Start of THE DATA
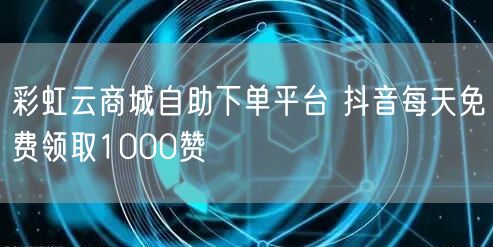 彩虹云商城自助下单平台 抖音每天免费领取1000赞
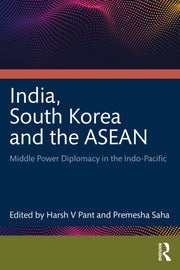 India South Korea And The Asean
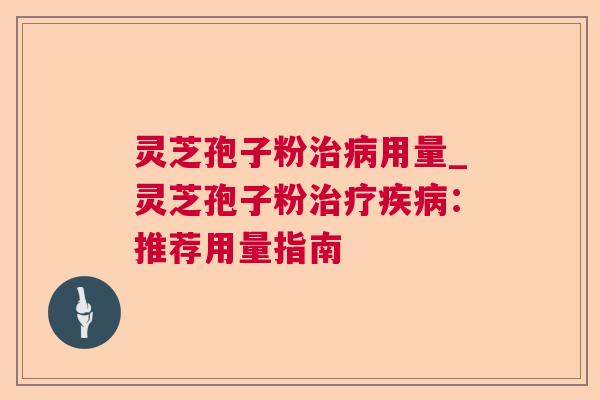 灵芝孢子粉用量_灵芝孢子粉：推荐用量指南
End of THE DATA
◆ WHAT THIS TASK INVOLVES:
Since the pictures are not wanted, transcribe only the rest of the material above, exactly as it stands.

◆ SOLUTION FOR THIS EXERCISE:
 彩虹云商城自助下单平台 抖音每天免费领取1000赞
 India South Korea And The Asean
 灵芝孢子粉用量_灵芝孢子粉：推荐用量指南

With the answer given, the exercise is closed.